Жернова. 1918–1953. После урагана — страница 95 из 118

Да и, если разобраться, на что он мог рассчитывать? Она молода, стройна, красива, и наверняка у нее пропасть всяких ухажоров, таких же молодых, стройных и красивых. А он? Мало того, что калека, так в свои неполные тридцать девять лет выглядит на все пятьдесят: под глазами густая сетка глубоких морщин, лоб изрезан ими же, как запустелое поле оврагами, вместо когда-то пышной шевелюры — жиденькие седые клочки над ушами и на затылке, глаза… Да чего там говорить! — он давно конченый человек, и отношение к нему Рийны — лишнее тому подтверждение. Его удел — какая-нибудь потасканная, спившаяся баба, потому что, к сожалению, он все еще чувствует себя мужчиной, и однажды напьется, как другие, и перешагнет тот предел, который сегодня кажется ему еще непреодолимым. Так что нечего презирать других: он сам не лучше и мечтает о Рийне исключительно как о женщине, о самке, иначе не приходила бы она к нему во сне полураздетой и даже раздетой, и не просыпался бы он в поту с громко стучащим сердцем…

Глава 8

Пивоваров отправился к себе домой не пятого декабря, в День Сталинской конституции, а четвертого, сразу же после ужина: не выдержал ожидания. Да и какая, собственно, разница? — предпраздничный день тоже ведь не будничный, и если существуют какие-то указания по поводу одноногих инвалидов, то вряд ли кто-то станет выполнять их в такой день: это ж не просто так, это ж надо как-то оформить, куда-то отвезти, надо занять кучу людей, транспорт, исписать много всяких бумаг, а начальники, так ненавидимые Акимом Сильвестровичем, тоже люди и тоже хотят праздновать. А еще Ерофею Тихоновичу очень не хотелось встречать праздник вместе с жильцами монастырских келий, потому что, судя по той подготовке, которая велась под руководством бывшего пехотного капитана, пьянка предстоит грандиознейшая, и отказаться будет невозможно.
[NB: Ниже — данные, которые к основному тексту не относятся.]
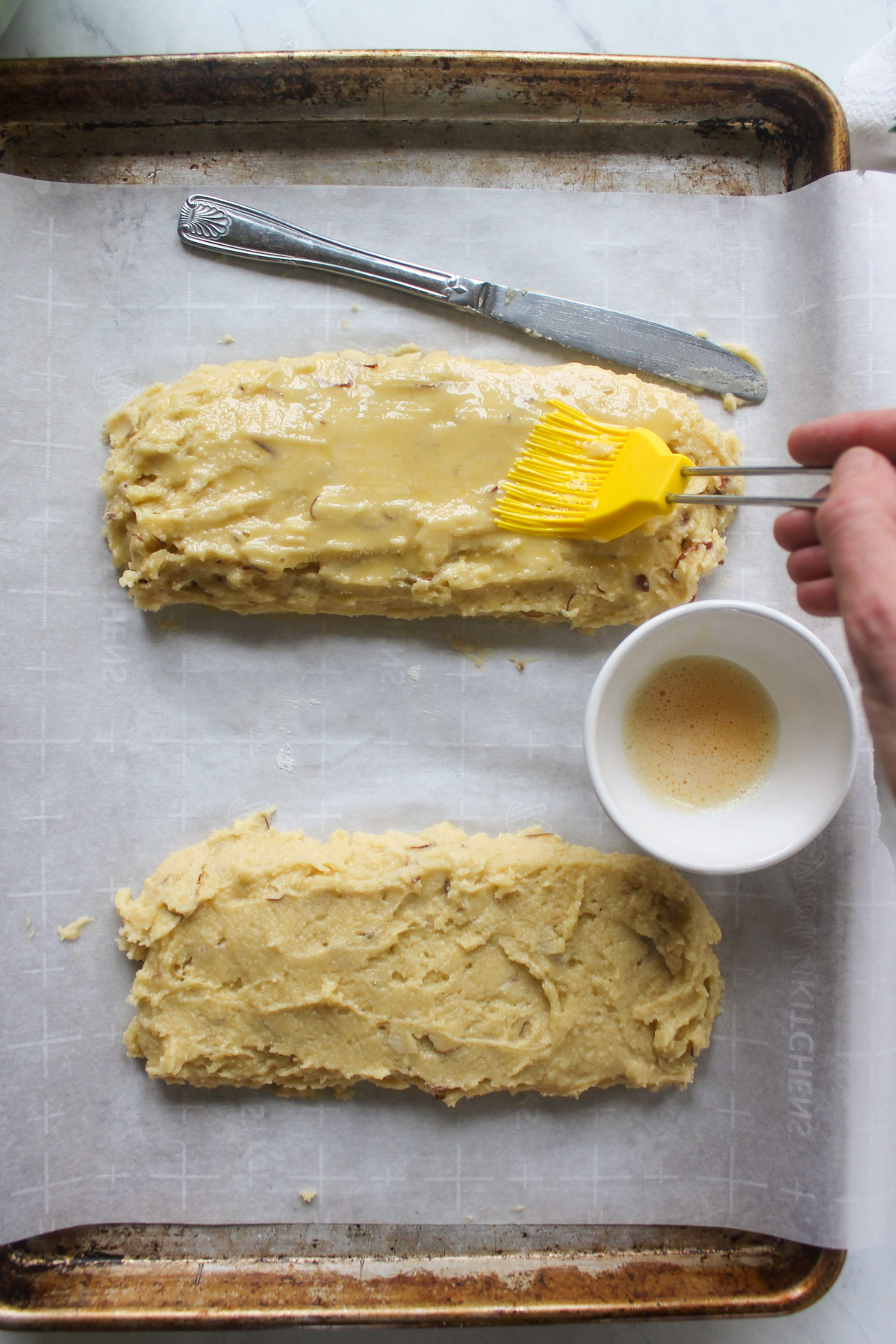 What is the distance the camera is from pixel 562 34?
2893mm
Готовясь к поездке, Пивоваров загодя, еще дня за два, выстирал все, что имел, аккуратно заштопал и выгладил, сложил в стопочку на табуретке. Эти два дня он ходил в изодранных подштанниках, штанах и куртке, которые нашел в чулане среди ветоши. А еще в тот же день, то есть третьего декабря, он обнаружил на своей койке старенькое, но еще весьма приличное драповое пальто неопределенного цвета с узким облезлым каракулевым воротником. Кроме Муханова положить в его каморку пальто не мог больше никто, и Ерофей Тихонович, растроганный этой заботой о себе со стороны такого грубого на вид человека, как бывший корабельный боцман, долго не мог унять волнения и все перебирал всякие возможности, как ему отблагодарить Акима Сильвестровича, понимая в то же время, что тот не примет от него никакой благодарности, а он и сам не сможет этого сделать, потому что любая благодарность с его стороны может быть расценена как заискивание и подхалимство.

«Боже мой! — думал Пивоваров в отчаянии. — Почему у нас все так устроено, что человек вынужден скрывать от других свои естественные чувства и порывы? Или это так устроено только во мне, а в Муханове, например, нет? Ведь то, что он сделал, вполне естественно для нормального человека, а я смотрю на этот его поступок, как на нечто из ряда вон выходящее, и мучусь над вопросом, которого для других попросту не существует».

Так что когда директор артели совершал свой обычный обход, Пивоваров, вскинув голову и встретившись взглядом с непроницаемой мухановской голубизной, лишь жалко улыбнулся и ничего не сказал.

Ерофей Тихонович вышел из ворот бывшей церкви в пятом часу. Было темно, ветрено; мелкий снег, словно мошкара, мельтешил в конусе света единственного на весь переулок фонаря. Пивоваров шел на деревяшке, тяжело опираясь на палку. Культя болела, каждый шаг давался с трудом. В кармане его драпового пальто лежал газетный сверток, в котором были хлеб, несколько кусочков сахару, граммов триста вареной колбасы и банка бычков в томатном соусе — весь его сухой паек на завтрашний день. Нервозное ожидание какого-то чуда делали его походку неровной, торопливой, хотя он изо всех сил старался не спешить и тщательно выбирал место, прежде чем поставить туда свою деревяшку.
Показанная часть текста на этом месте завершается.